Writing in rebuttal, Jayd Henricks, the former executive director of government relations at the USCCB, forcefully rejected Carr’s conclusion, but shares his alienation. “John Carr and I agree on much: Catholics are politically homeless. … Catholics should not be driven by partisanship.”
And Bishop Kevin Rhoades, the bishop of Fort Wayne-South Bend in Indiana, and chair of the bishops’ doctrine committee, recently weighed in as well. “There are parts of the traditional platforms of both the Republican and Democratic parties that are in accord with Catholic social teaching,’ Bishop Rhoades said in a Sept. 24 talk at Holy Cross College in Indiana.
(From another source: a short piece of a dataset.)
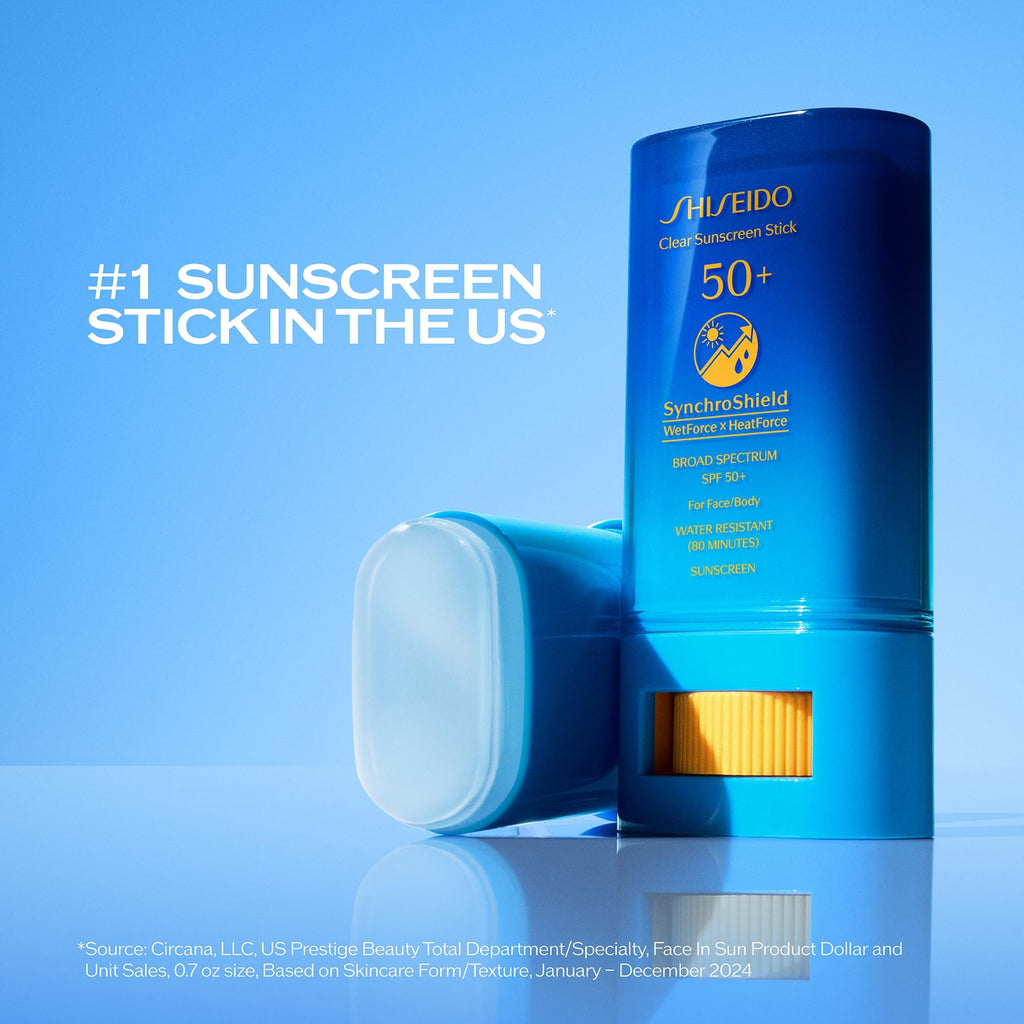 Shiseido sunscreen stick showing twist up mechanism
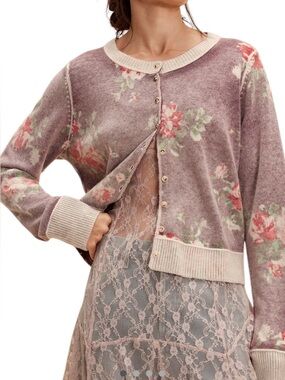 Free People Floral Crewneck Nocturnal Patterned Cashmere Cardigan Size Medium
“There are also parts of each platform that are not. This creates a dilemma for many faithful Catholics. They feel politically homeless.”
Bishop Rhoades looked at a wide range of issues, from abortion and the death penalty to immigration and economic inequality. He lays out the relevant Catholic teachings, making it clear that there are no easy answers when it comes to which party gets our vote.
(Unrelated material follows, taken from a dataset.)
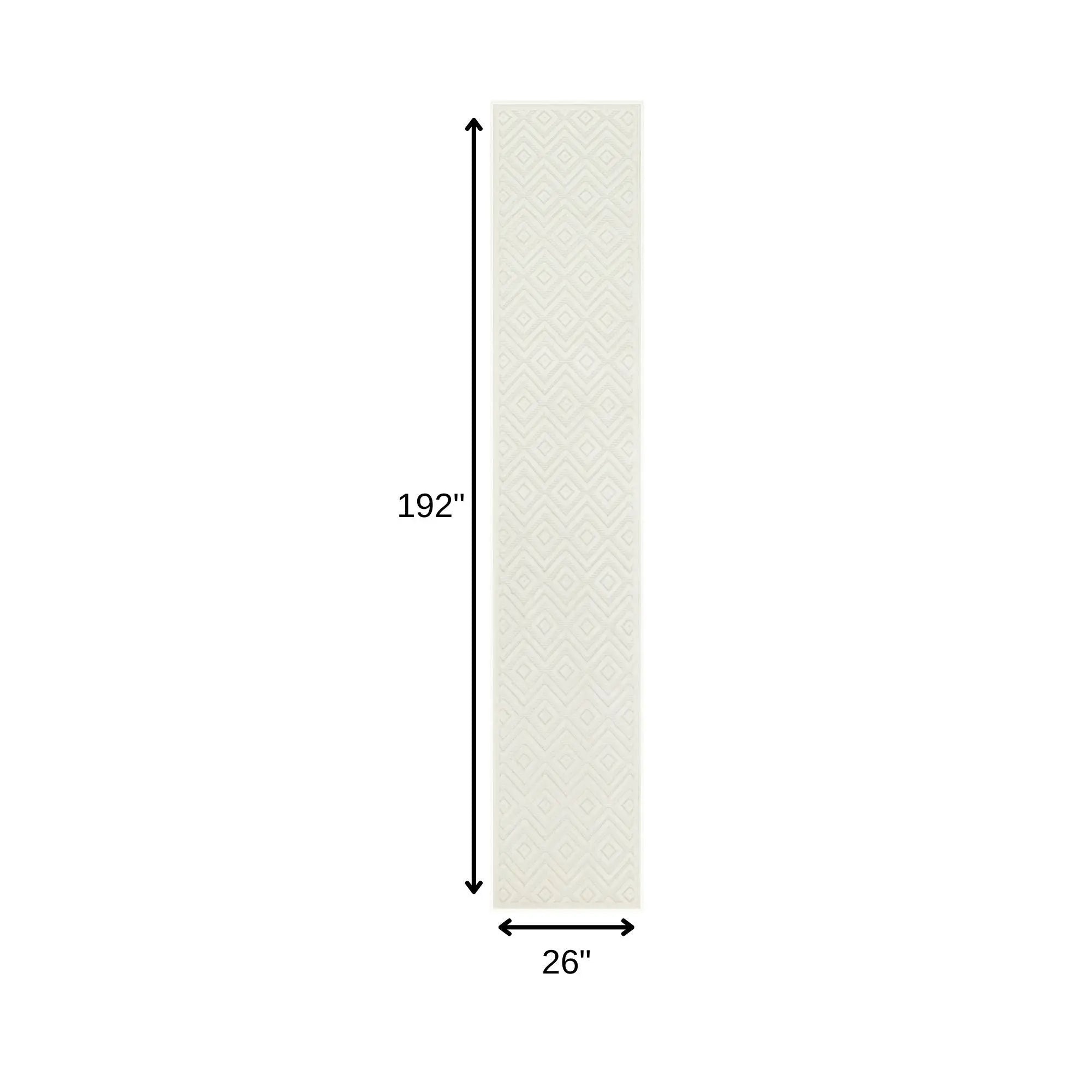 16' White And Ivory Geometric Indoor Outdoor Runner Rug Homeroots Outdoor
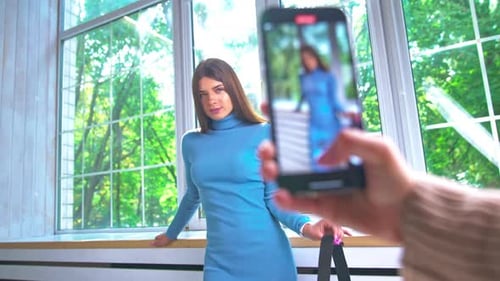 Beautiful Woman Posing for Phone Video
For Carr, the deciding issues this election are racism and the character, competence, and integrity of the candidates. Choosing Biden does not mean abandoning the pro-life cause, he said: “To the contrary: A vote for Mr. Biden carries with it a duty to work with others to reduce abortions and to support priorities, programs, and ministries that serve women, children, and families in need.”
For Henricks, it is not just the Republican position on abortion, but also the issues of religious freedom, defense of marriage and traditional sexual norms, as well as “support for Catholic schools, not to mention enterprise zone for poor communities and a commitment to maintaining law and order.”
Two Catholics steeped in the principles of “Forming Consciences for Faithful Citizenship” come to opposite conclusions. For many this is maddening, but the truth is that good Catholics can and do disagree.
For Bishop Rhoades, the far greater concern is “Catholics who choose their parties over the Church.”
“Catholics who are more Democrat than they are Catholic and Catholics who are more Republican than they are Catholic have brought about a disunity that hinders our evangelizing mission.”
This disunity is a lost opportunity to evangelize society with a consistent commitment to the Church’s moral and social teaching, he said. “If one is a Democrat, one should reject and work to repeal parts of the party platform that are inimical to the truths of our faith. The same is true if one is Republican.”
“I believe that every faithful Catholic today feels a certain political homelessness,” Bishop Rhoades said. In some ways, we could call this the Rhoades test. To the extent that we who are Catholic voters do not feel homeless, we may not yet have the well-formed conscience the Church expects of us.
I think Carr and Rhoades would both agree with Henricks’ conclusion, and he poses a challenge for all of us: We “must vote according to a well-formed conscience, but that will happen only by putting ourselves in the hands of our loving Father through prayer, fasting, and service. All three are needed, otherwise we will fool ourselves into believing our vote is what makes us faithful Catholics.”